Their worldwide hit was ‘One For You, One For Me’
Farewell to Carmelo La Bionda, who with his brother Michelangelo La Bionda formed the musical duo ‘La Bionda’, also known by the artistic name DD Sound: they are considered the inventors of Italian disco musicinterpreters of the world success ‘One For You, One For Me’ in 1977, the same year in which they exploded with the phenomenon ‘1, 2, 3, 4 … Gimme Some More’, a captivating song with a very original harmonica riff by mouth.
Carmelo died in his home in San Donato Milanese at the age of 73, after fighting cancer for over a year. The funeral will be held on Tuesday 8 November, at 2.30 pm, in the parish of Santa Barbara in San Donato Milanese.
“Carmelo left us today to join the great concert in heaven. We love you Carmelo, forever”, reads his Facebook page, with the pain of his son Francesco Paolo and his family. Among the first on social networks to express condolences was Johnson Righeira of the Righeira brothers, of which the La Bionda brothers were the producers: “A terrible news. A column in my life that collapses. Carmelo La Bionda has just passed away. , and nothing will be the same again. I don’t know where my life would have taken me without meeting him and Michelangelo. Hi Carme, thank you for everything. Have a good trip “.
The Sicilian brothers, born in Ramacca (Catania) but Milanese by adoption since 1954, Carmelo (February 2, 1949) and Michelangelo (August 25, 1952), were the first to be successful in the field of Italian dance production, with their two acronyms: La Bionda (project that embraced different styles) and DD Sound (which was born as a “disco” theme). The La Bionda brothers started their activity in a theater-laboratory.
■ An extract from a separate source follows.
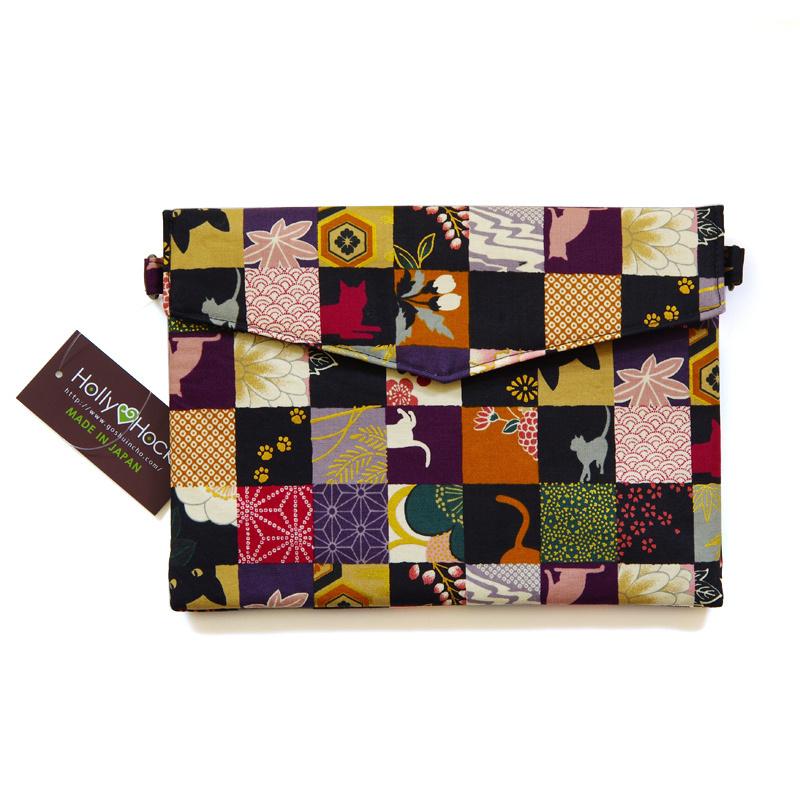 御朱印帳専門店ホリーホック ショルダーストラップ対応 御朱印帳袋 紫 御朱印帳ポーチ 猫市松 お歳暮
They made their debut at the Festival of Avant-gardes and New Trends in 1972, then worked as ‘shift workers’ in the recording room, collaborating with Mia Martini, the Ricchi e Poveri and Bruno Lauzi.
Their first album, “F.lli La Bionda Srl”, released in 1973 and self-produced by themselves, had lyrics written by Bruno Lauzi and was mainly acoustic with “progressive” and other lighter parts. They later moved to London and in the Apple studios they recorded “Every time you go away” (1974). Later they moved to Munich, the capital of dance and were among the first to offer disco music throughout Europe. Gradually they wrote “disco” tracks contaminating them with different elements such as rhythm & blues and Latin music. In 1977 DD Sound “was born” that already with their first song – “Disco bass” – entirely instrumental depopulated in the disco (the song was also chosen as the theme song of the “Domenica Sportiva”). With the almost contemporary “126.96.36.199 Gimme some more”, with a light-hearted rhythm, they obtained an even more extraordinary success. Their music also met the favor of international audiences (over 10 million records sold) and in the two-year period 1978-1979 DD Sound collected several hits (“she She’s not a Disco Lady”, “Cafè”, “Hootchie Cootchie”). They also recorded “Cafè”, which was able to transport Brazilian rhythms, percussion and choirs into the “disco”, creating a mixture of refinement and fun in a captivating whirlwind of sounds.
Simultaneously with the explosion of DDSound, La Bionda released a good number of hits under their name (“One for you one for me”, “Bandido” and “Rocky woman” from 1981) and released 4 LPs: “La Blonde “(1978),” Bandido “(1979),” High energy “(1979),” I wanna be your lover “(1980). From 1982 the two brothers preferred to concentrate on the production and management of their Milanese recording studio. As producers they have signed the greatest hits of the Righeira brothers also creating several famous jingles (for example “Sorrisi is magic”). They have also composed soundtracks (including some for the Bud Spencer and Terence Hill films) using various aliases.